Air Sahara: Implementing the Acquisition Bid of Jet AirwaysBy Nilanjan Sen, Ho Kim Wai & D. G. Allampalli |
Abstract
The case documents an acquisition bid on Air Sahara by Jet Airways and its implementation. Starting in 1993, Air Sahara expanded from two to 27 aircraft, extended tough competition to the acquirer and market leader with innovative pricing and marketing strategies to garner 14 percent market share by 2005. In that year, Air Sahara hired Ernst and Young, India to value the carrier, and act as advisor for divestment of the stake held by Sahara Group and raise capital for business growth.
Jet Airways participated in the divestment program of Air Sahara to consolidate market leadership, made an offer for the 100 percent stake and valued the target at US$500 million based on the acquirer's market capitalisation, which raised eye brows from rivals and industry observers. Jet Airways felt that synergies from Air Sahara's large fleet, landing and parking rights in hub Indian cities, and international routes outweighed the downside.
To implement the merger, the two airlines formed a joint management group (JMG) and set March 2006 as the deadline for its completion.
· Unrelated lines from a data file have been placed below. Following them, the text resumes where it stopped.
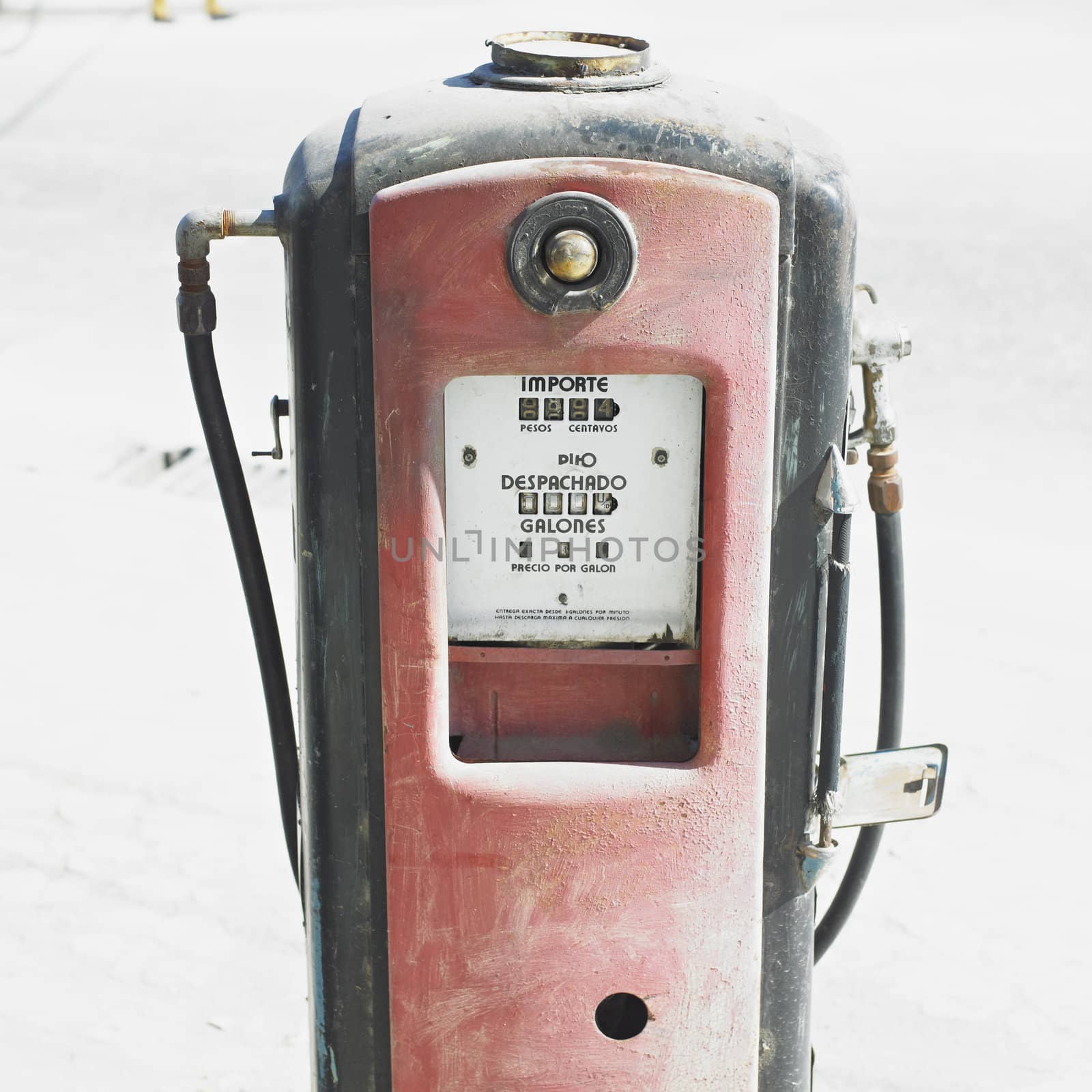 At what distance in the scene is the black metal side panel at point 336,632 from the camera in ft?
6.15

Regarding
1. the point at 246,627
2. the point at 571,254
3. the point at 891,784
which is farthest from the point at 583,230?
the point at 246,627

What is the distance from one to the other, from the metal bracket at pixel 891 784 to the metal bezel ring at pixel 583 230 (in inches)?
31.0

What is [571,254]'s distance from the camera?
5.85 feet

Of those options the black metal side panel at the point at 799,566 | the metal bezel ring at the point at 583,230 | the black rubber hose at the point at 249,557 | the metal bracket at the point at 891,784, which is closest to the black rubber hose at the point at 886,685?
the metal bracket at the point at 891,784

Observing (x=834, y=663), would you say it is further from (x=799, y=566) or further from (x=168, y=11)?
(x=168, y=11)

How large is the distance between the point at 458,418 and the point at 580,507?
0.20 m

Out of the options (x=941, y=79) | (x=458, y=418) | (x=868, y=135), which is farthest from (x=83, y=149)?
(x=458, y=418)

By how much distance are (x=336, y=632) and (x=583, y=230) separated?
2.09ft

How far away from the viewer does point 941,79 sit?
40.9ft

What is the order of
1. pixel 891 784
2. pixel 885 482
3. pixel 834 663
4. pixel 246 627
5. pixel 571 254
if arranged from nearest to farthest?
1. pixel 571 254
2. pixel 834 663
3. pixel 891 784
4. pixel 885 482
5. pixel 246 627

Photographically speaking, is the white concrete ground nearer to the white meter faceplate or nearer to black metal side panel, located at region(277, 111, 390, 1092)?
black metal side panel, located at region(277, 111, 390, 1092)

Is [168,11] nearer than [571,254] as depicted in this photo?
No

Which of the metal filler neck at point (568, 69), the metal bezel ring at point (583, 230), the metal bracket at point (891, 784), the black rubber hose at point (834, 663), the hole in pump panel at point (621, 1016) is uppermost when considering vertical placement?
the metal filler neck at point (568, 69)

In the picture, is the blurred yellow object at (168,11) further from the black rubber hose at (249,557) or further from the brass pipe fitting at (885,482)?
the brass pipe fitting at (885,482) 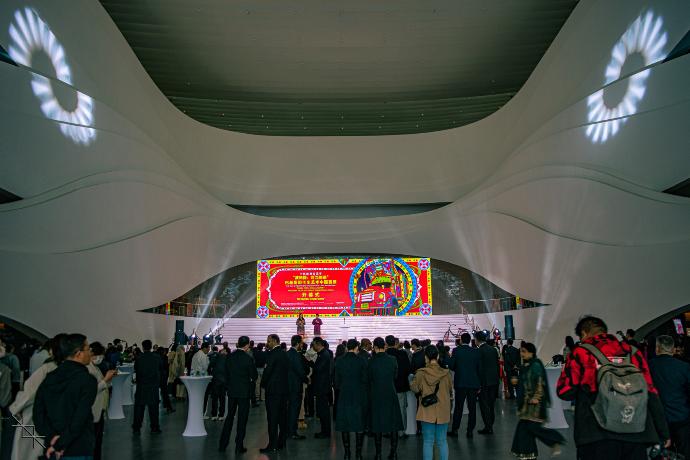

As more time was required to sort out financial issues and structure the merger deal, apply for regulatory clearances and prepare documents for ownership transfer, the JMG extended the deadline. On 20 June 2006, a day before the expiry of the extended deadline, Jet Airways proposed re-pricing of the merger deal, leaving Alok Sharma, President of Air Sahara with two options: re-price the deal or allow it to expire.
Issues: Due diligence and valuation of an acquisition target; implementation of merger bid and business ethics.